While the idea itself may be born out of good intentions, one has to wonder just how feasible e-learning would be for families living under the poverty line, or families who live away from the convenience of reliable Internet connection.
For one girl however, the fact that her family lived in a rural area in Sarawak with poor Internet connectivity did not stop her from making the most out of her academics.
In a recent post that was shared by SMK Tinggi Sarikei, a national high school located in the Sarikei area of Sarawak, one of their students, a 13-year-old girl known as Heliyana, was photographed squatting under the sun. Armed with her smartphone in one hand and with her papers on her lap, she was seen working away to complete her examinations under the blazing hot sun.
Why didn’t she work inside her own home instead, you ask?
The Internet in the longhouse that she stayed in was too poor to maintain a consistent connection, forcing her to head outdoors to complete her e-learning.

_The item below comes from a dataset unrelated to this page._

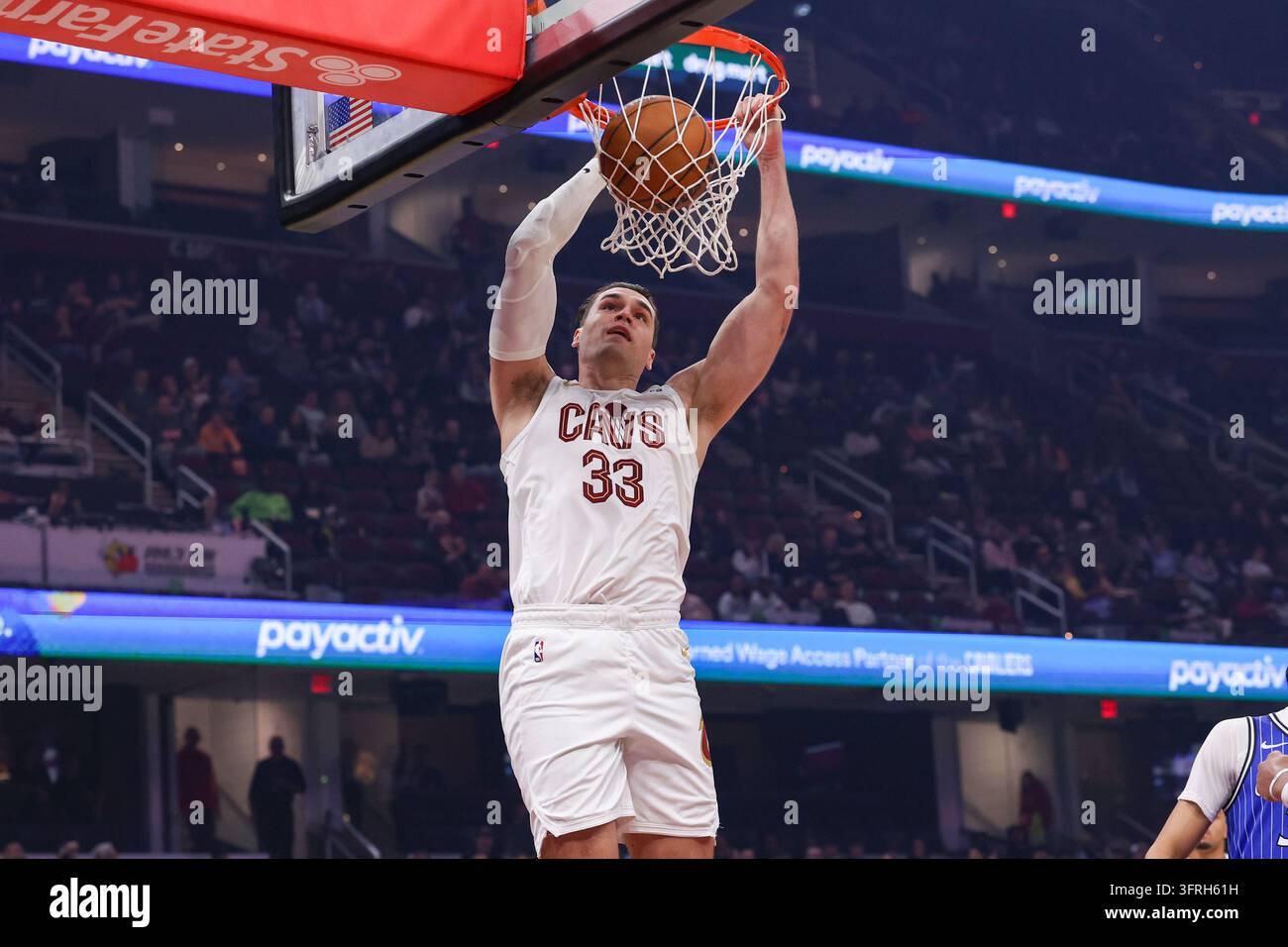 Cleveland cavaliers forward mario hezonja dunks the ball against the orlando magic of an nba basketball game in cleveland sun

However, it turns out that Heliyana isn’t the only student facing this problem in SMK Tinggi Sarikei either, as over 20 out of the school’s 850 students have faced difficulties trying to adopt the new norm of e-learning, due to issues faced by a lack of proper Internet connectivity.
In fact, one student who doesn’t even own a smartphone and only has a basic phone that can receive SMS messages had to have her exam papers sent to her by a dedicated teacher, who would then receive her answers via SMS.

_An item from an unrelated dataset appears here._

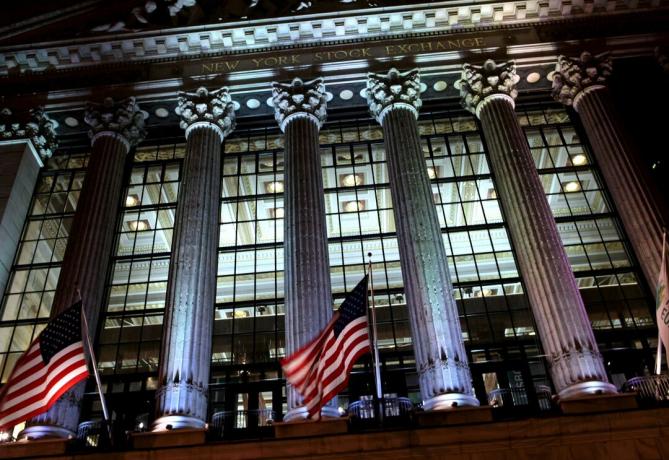 Нощен изглед, гледащ през стъклената фасада на стената на Нюйоркската фондова борса (NYSE), проектиран от Джордж Б. пост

According to the school’s principal, e-learning has not been easy to implement in rural areas like their own.
“Some children from poor families do not have mobile phones, so they have to use their parents’ mobile phones to study. Sometimes parents do not leave their mobile phones at home. They can only learn their homework in the afternoon or evening.”
However, with the students being both diligent and hard-working, they are willing to go the extra mile to ensure that they continue receiving their education, despite the circumstances.
Which comes to show that in hindsight, we should all learn to appreciate the privileges that we have in life, and remember that we should always lend a hand to those who need it, when we are in a position to do so.
To Heliyana and her friends, we applaud you for your continued efforts to work hard in your academics, and wish you all the best.